While the biggest cost savings and efficiencies have been in the centralisation of data centres, which have resulted in a cost saving of 50%, network vendor consolidation has delivered a 25% annual saving to Rexam.
“There are not many people who can truly provide a global managed networking service,” says Paul Martin, chief information officer at Rexam. “We pride ourselves in our way of working — the Rexam way — which is built on four values of trust, teamwork, continuous improvement and recognition. The expertise that AT&T brings to our business is invaluable. It allows us to look at other opportunities that fit with our business strategy.”
Rexam is continuing to look at further ways to drive new initiatives and help the business achieve increased consolidation and collaboration by outsourcing other elements of its IT to allow Rexam staff to focus on strategy, the maximisation of in-house resources on core business, improving security and resilience. Currently a priority focus is to identify elements that are business critical and increase efficiency in the production environment.
With the network consolidation in place, Rexam has asked AT&T to extend its services to include LAN (local area network) management in addition to the WAN management, providing a true end-to-end managed service.
“With cost reduction always top of our minds, we are continuing to look at better utilisation of our internal resources,” says John Neal. “Savings made are being reinvested to extend the service that AT&T is providing so that we as a business can achieve further benefits.”
In addition, in April Rexam signed a contract worth $9m over five years for AT&T to manage the company’s email environment. A capital investment of approximately £2.5m was needed in order to extend storage and replace services to support Exchange 2007, but the company decided that instead of reinvesting in hardware, there were greater benefits to move to a fully managed service.

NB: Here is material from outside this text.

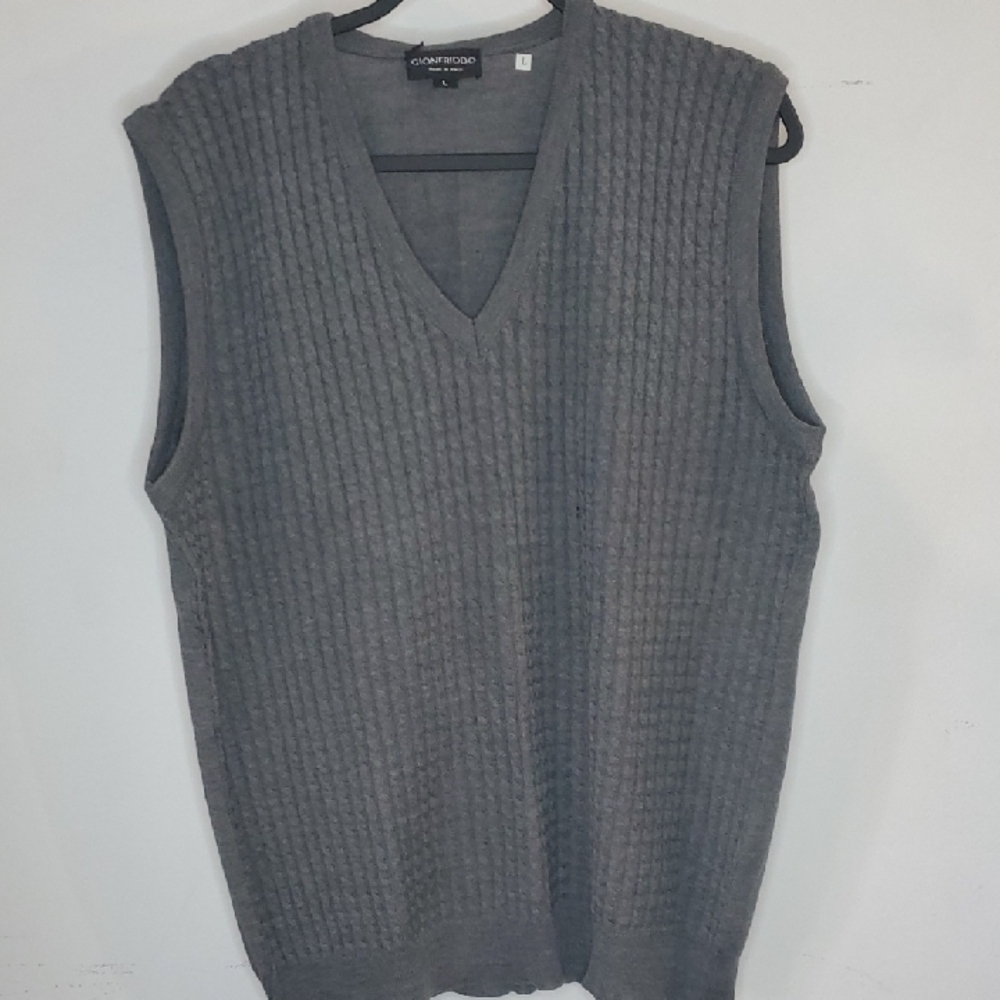 Gionfriddo Men's V-Neck Gray Sweater Vest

“We took the opportunity to review how we managed our email environment and chose to redesign the architecture to move to a fully managed service with AT&T,” Neal adds. “It avoided use of capital expenditure, as this is in greater demand for our production environment, and gave us the opportunity to move to a solution where we don’t have to worry about the hardware ourselves. Moving to this managed service will save us £1 million over the term of the contract.”